Vanishing Point

The Evening

The Evening Richard Maxwell (c) Paula Court

(c) Paula Court

« Laissez toute espérance, vous qui entrez » : un bar moche, un lutteur de MMA cabossé et son entraîneur, une serveuse loqueteuse et aigrelette en guise de Béatrice… L’enfer de Richard Maxwell, inspiré de Dante, n’a rien pour séduire. Et pourtant…

Ce qui frappe avant tout, c’est la déco : une forme de saturation de la couleur, une redondance morne des motifs, où domine le marron ou, plus exactement, le marron sur du marron.
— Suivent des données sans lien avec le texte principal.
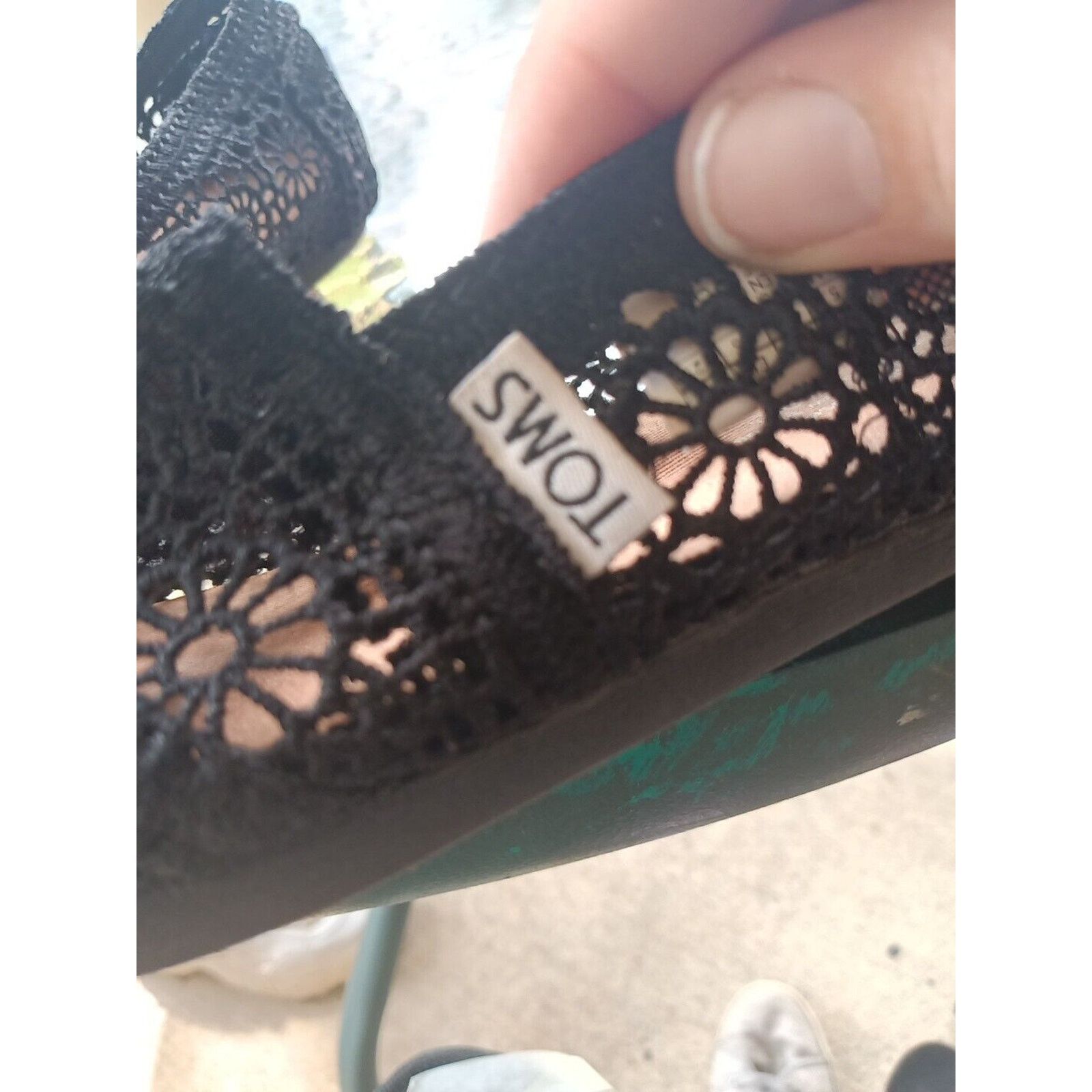 Toms TOMS Black Floral Lace Classic Slip On Women’s Shoe Sz 5.5 Size US 5.5 / IT 35.5 - 2 Thumbnail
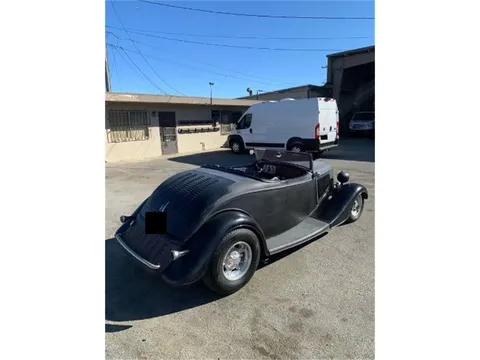 1933 Ford Roadster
Cela crée l’effet de ces publicités des années 1970, dont l’éclat s’est dissipé, où l’aspiration d’une génération à la consommation n’est rien devenue de plus qu’un désir terni. Un peu comme si Richard Maxwell voulait « retrouver le néant au cœur de l’image », ainsi que Baudrillard définissait l’art de Warhol.

L’espace délimité est exigu. Et c’est particulièrement sensible sur le grand plateau des Amandiers, utilisé au quart. Les comédiens peinent à se mouvoir. Les musiciens d’un orchestre de rock mou sont relégués dans un coin et ne peuvent avancer d’un pas. Le personnage féminin s’écrie « J’essaie de m’éloigner le plus possible de toi », mais il se heurte immédiatement au mur du décor. Tout est minable, étriqué, figé. La lutte physique entre les deux hommes, qui pourrait donner lieu à une scène spectaculaire à base de torgnoles, se défait instantanément, de façon lamentable et ridicule. On serait presque dans un antijeu. Un antijeu qui se voudrait pourtant réaliste. Corps bien présents (sang, piquouses, beignes) et désincarnés tout à la fois, tout juste audibles, les comédiens semblent eux-mêmes ne pas croire en leur rôle.

Le personnage de Béa, qui souhaite s’échapper de ce bar moisi pour se rendre à Istanbul, rappellerait bien Arletty dans « Hôtel du Nord », lorsque celle-ci propose à Louis Jouvet, qui s’« asphyxie ici », d’« aller aux colonies ». Mais ce n’est plus le « réalisme poétique » à la Prévert ou à la Francis Carco, la représentation aimable et pittoresque d’un petit peuple interlope rêvant d’un orient kitsch et enchanteur. Il n’y a ici ni « caractères » ni même « atmosphère ». On est davantage dans la simulation d’une « atmosphère », dans un simulacre signalé comme tel par le dispositif, avec des personnages fantoches et peu attachants. Car ces losers-là n’ont rien de magnifique. Le dialogue lui-même est pavé d’intentions, de clichés ressassant le thème de l’échec : « J’ai l’impression qu’on est des perdants. C’est obligé. » À défaut d’être des perdants, on joue à être des perdants. « The Evening », pris à la lettre, ce serait un peu la méthode Coué de la lose.

Cette scène du bar est encadrée – pour ne pas dire désignée – par deux autres moments. Elle est précédée de la lecture d’un texte autobiographique, dépouillé et très beau, relatant la mort du père de Richard Maxwell, qui a coïncidé avec l’écriture du spectacle et dont quelques images demeurent : les « bras osseux » du mourant sur un lit d’hôpital, des oiseaux observés comme autant d’augures inquiétants… Elle est suivie par une dernière scène, simple dans sa réalisation et pourtant magnifique : Béa, qui a revêtu un manteau de fourrure miteux, peut s’évader enfin. Les machinistes viennent enlever un à un les éléments du décor et laissent découvrir un immense cyclorama rayonnant de blanc, envahi de fumée. Béatrice, ombre errante, disparaît dans ce paysage de brume. Cela a l’allure d’une NDE (Near Death Experience), et cela pourrait signifier, suggère Richard Maxwell dans le programme, un passage de l’enfer au purgatoire. Quoi qu’il en soit, cette ultime dénudation de procédés est saisissante. Le spectateur ignore sans doute s’il a compris, aimé ou détesté cette proposition, qui ne ressemble à rien. Mais il sait que, dans cet agencement, quelque chose s’est assurément joué.